Olena Chepil, a Toronto-based real estate lawyer, started building Quintalink, an alternative to Unity, after the price hike last year. She said the product will be cheaper to use than Unity, and provide a better experience.

“Competition imposes the desire and ability to make products better and more affordable,” she said. “And right now there is none.”

Ms. Chepil had planned to launch Quintalink in June, but is now trying to accelerate the launch date after the D&D price increase, which she said drove an influx of interest on Monday. She also criticized D&D for giving its customers a week to pick a package, and steering them into a three-year contract by making the most expensive bundle commitment-free.

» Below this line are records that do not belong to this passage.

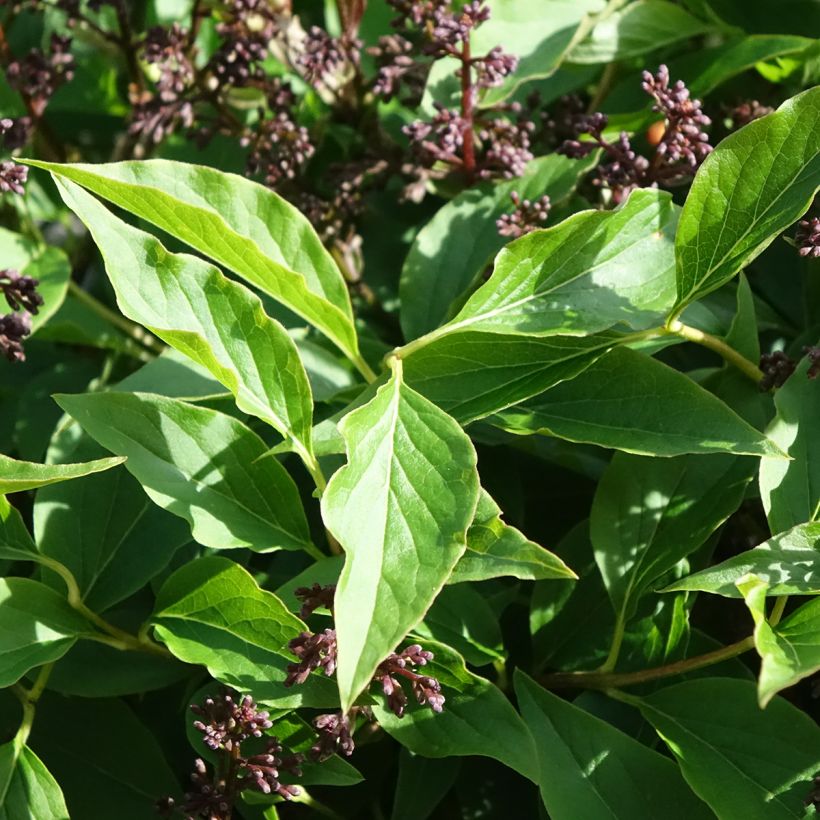 Syringa Little Lady - Lillà (Fogliame)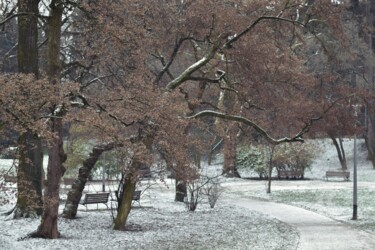 Fotografie mit dem Titel "Winter scene in par…" von Alen Gurovic, Original-Kunstwerk, Nicht bearbeitete Fotografie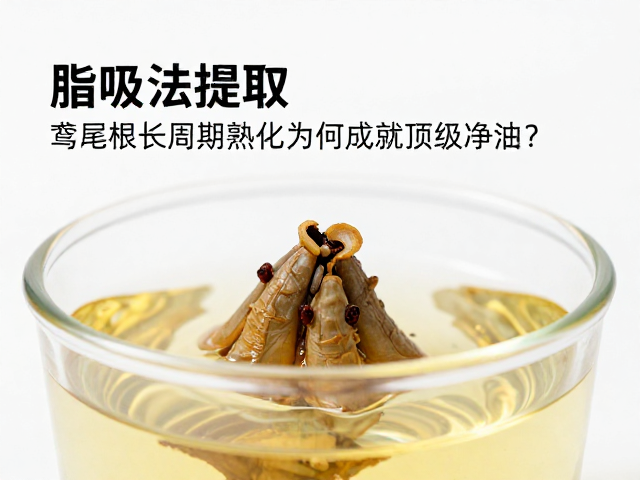 溶剂置换与分子保留的精密博弈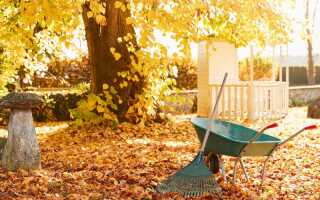 Что делать на даче в ноябре: план действий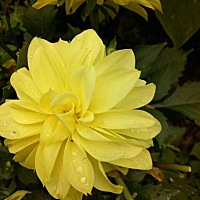 🌸❥⇢Good morning…… 🌻 想要成为更好的自己，请先激发自己的潜能。缩在自己的小世界里追求所谓...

“My advice to lawyers would be just wait, be patient because I know the new software is coming, and don’t lock yourself into a contract that you will have a very difficult time getting out of,” she said. “What may seem like a good saving right now may not be such a good deal in three, four months. ... Sign up for LawyerDoneDeal, sign up for Quintalink, and then compare.”

As she develops her software, Ms. Chepil said she is filing a complaint about D&D to the federal Competition Bureau. Real estate lawyers across the country have done so before. In British Columbia, rate hikes by as much as 563 per cent on a D&D product prompted dozens of complaints to the Competition Bureau, The Globe reported in November.